Io?, rispose apa Pafnunzio.
Non era rivolta a Pietro la domanda, era
rivolta a lui.
Si sentì venire meno.
Perché il Maestro glielo chiedeva? Perché
non si fidava più di lui? e a ragione. L’aveva rinnegato. Era spergiuro come
Pietro.
Lo sai che non ti amo, avrebbe voluto
rispondergli. Lo sai che ho tradito la tua fiducia. Sono venuto meno ai miei
impegni, alle mie promesse. Se lo sai perché me lo chiedi?
Stava per rispondergli che no, che non
l’aveva amato, che non gli era stato fedele.
Quando per la terza volta Gesù gli chiese
se lo amava, apa Panunzio comprese finalmente la domanda.
Non gli stava chiedendo se lo aveva amato.
Gli stava semplicemente chiedendo se in quel momento lo amava.

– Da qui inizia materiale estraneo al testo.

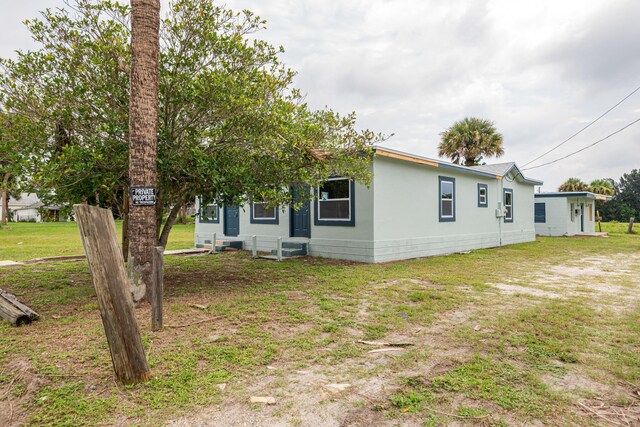 2511 Lipscomb St, Melbourne, FL 32901 - photo 4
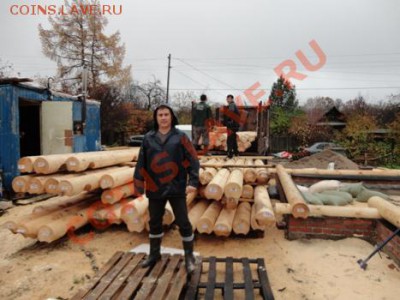 делает - прямо сейчас !!! - DSC00892.JPG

Perché guardare al passato se Gesù l’aveva
dimenticato e lo stava interrogando sull’adesso? Perché guardare se stesso,
mentre aveva dinnanzi il Maestro?
Levò gli occhi e lo guardò. Era il Signore
risorto, con ancora i segni della Passione, i segni del suo amore sconfinato.

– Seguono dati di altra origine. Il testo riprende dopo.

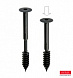 Крепление с регулируемой длиной POWER А 250 -28  180 -230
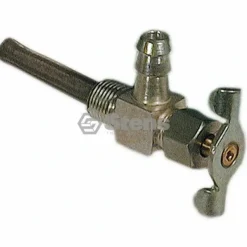 Stens Parts & Accessories|Stens 120-279 Fuel Shutoff Fits Exmark 1-303331 Gravely 007354 Lawn Boy 677052 - Explore Premium Parts & Accessories for All Motor Vehicle Models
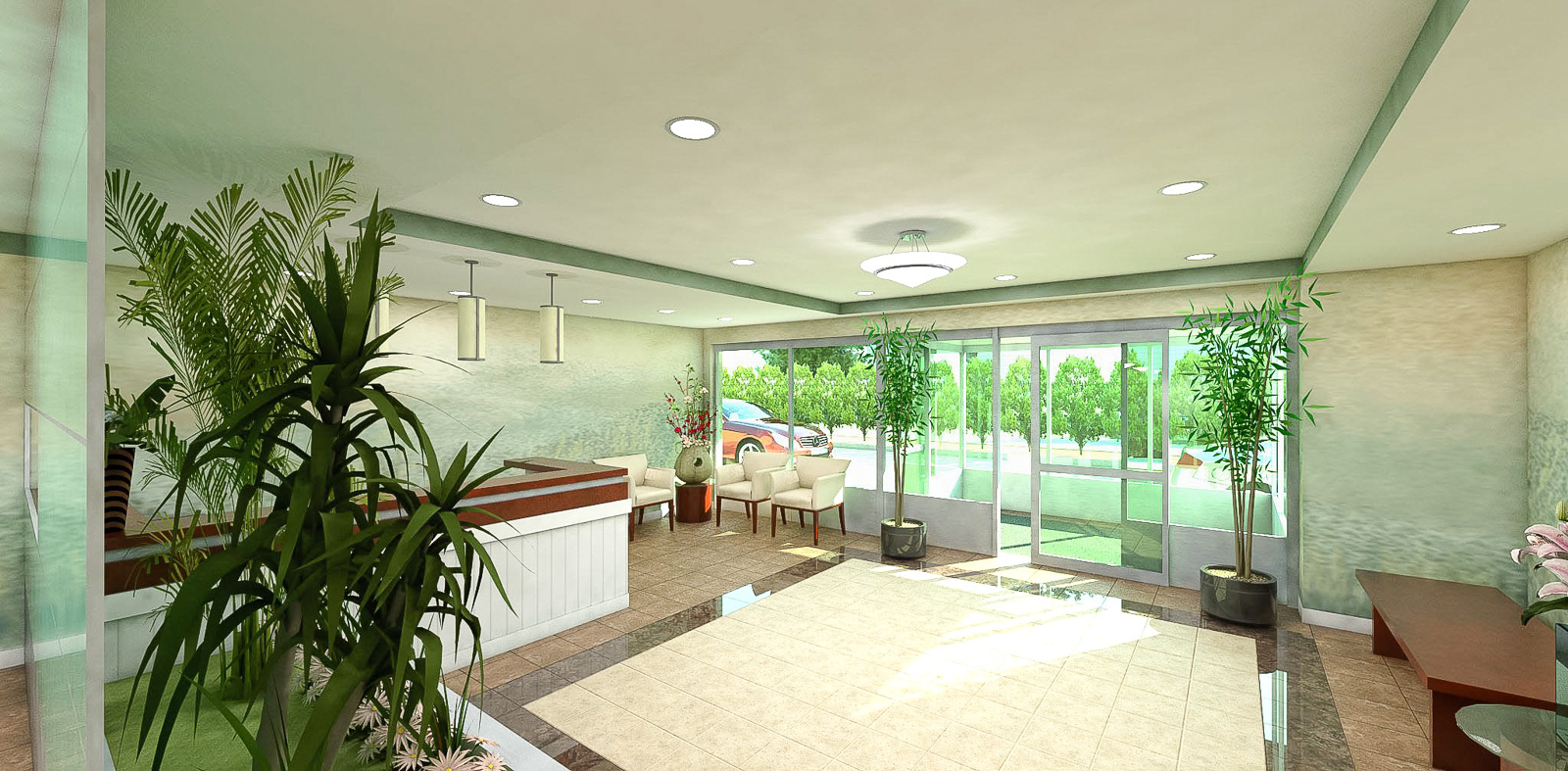 Home Care Far Rockaway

Lo guardava e d’una cosa era certo, che il
Maestro l’amava. Avrebbe voluto essere lui a chiederli: Gesù, mi ami? Non ce
n’era bisogno, lo sapeva che Gesù l’amava.
Fu la consapevolezza di quell’amore a
fargli dire:
“Tu sai tutto. Tu lo sai che ti amo”.
Non aveva bisogno d’aggiungere “adesso” ti
amo. Quand’è l’amore se non ora?
“Tu sai tutto. Tu lo sai che ti amo”.